EXERCISE:
Return nothing but the lines from the line with "Quadrado Adesivo de" through the last line of the entries that follow, copied exactly and free of pictures.

Start of DATA RECORDS

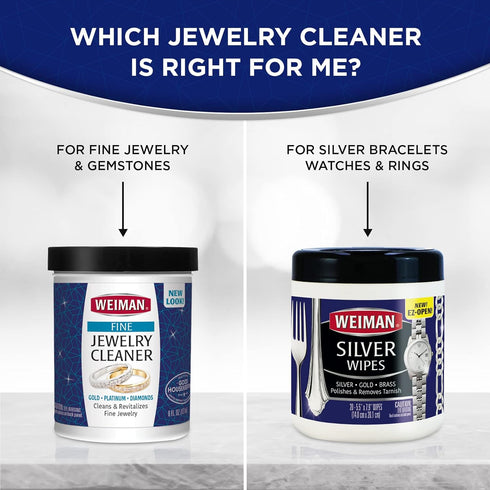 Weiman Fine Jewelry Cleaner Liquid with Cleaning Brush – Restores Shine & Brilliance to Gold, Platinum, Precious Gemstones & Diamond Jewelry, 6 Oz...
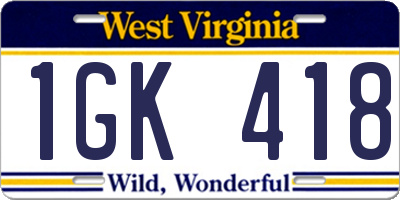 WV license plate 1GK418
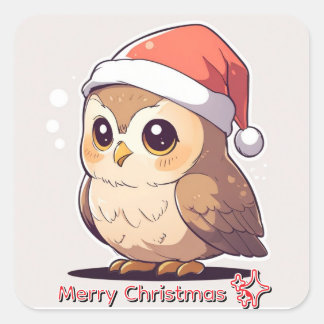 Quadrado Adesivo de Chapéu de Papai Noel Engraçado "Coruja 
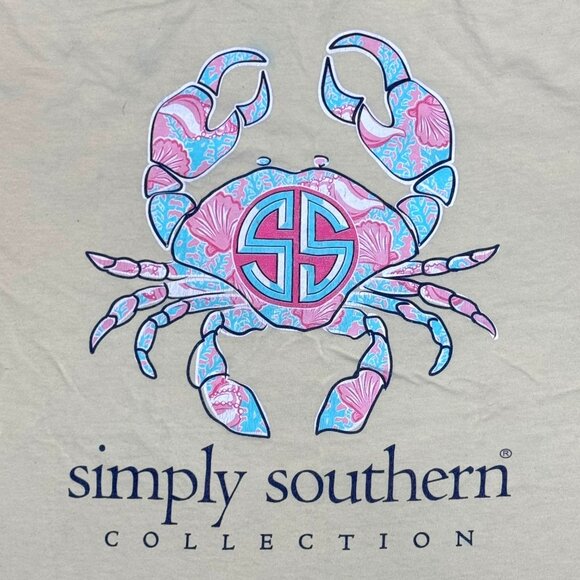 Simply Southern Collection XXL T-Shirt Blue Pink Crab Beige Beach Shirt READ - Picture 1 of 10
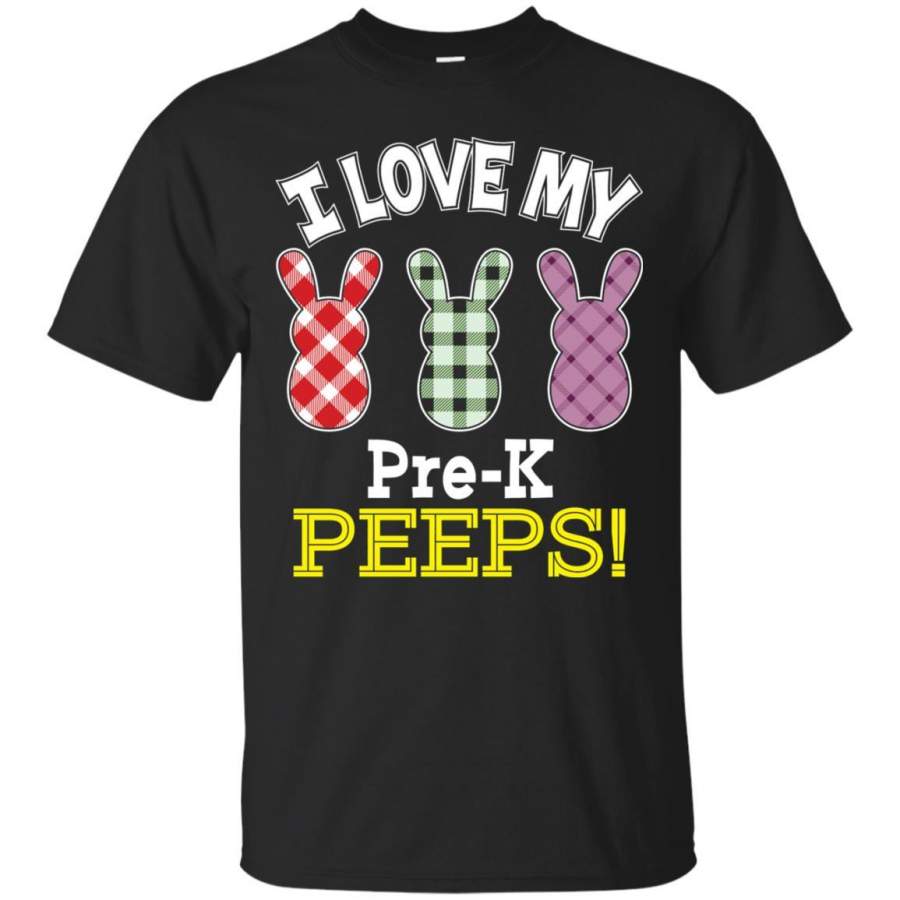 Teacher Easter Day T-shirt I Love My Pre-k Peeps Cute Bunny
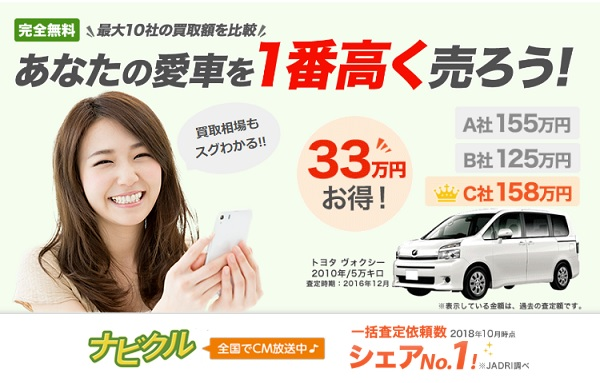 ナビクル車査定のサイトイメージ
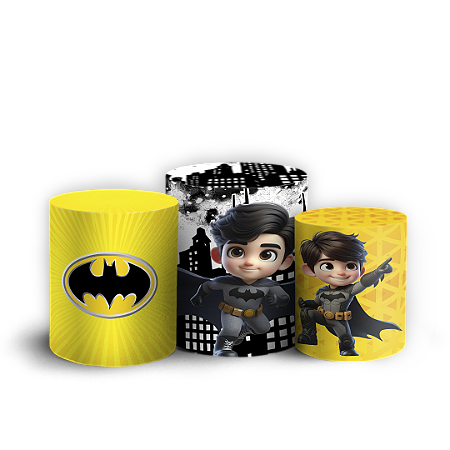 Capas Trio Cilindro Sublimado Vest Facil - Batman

End of DATA RECORDS

SOLUTION TO THIS PROBLEM:
 Quadrado Adesivo de Chapéu de Papai Noel Engraçado "Coruja 
 Simply Southern Collection XXL T-Shirt Blue Pink Crab Beige Beach Shirt READ - Picture 1 of 10
 Teacher Easter Day T-shirt I Love My Pre-k Peeps Cute Bunny
 ナビクル車査定のサイトイメージ
 Capas Trio Cilindro Sublimado Vest Facil - Batman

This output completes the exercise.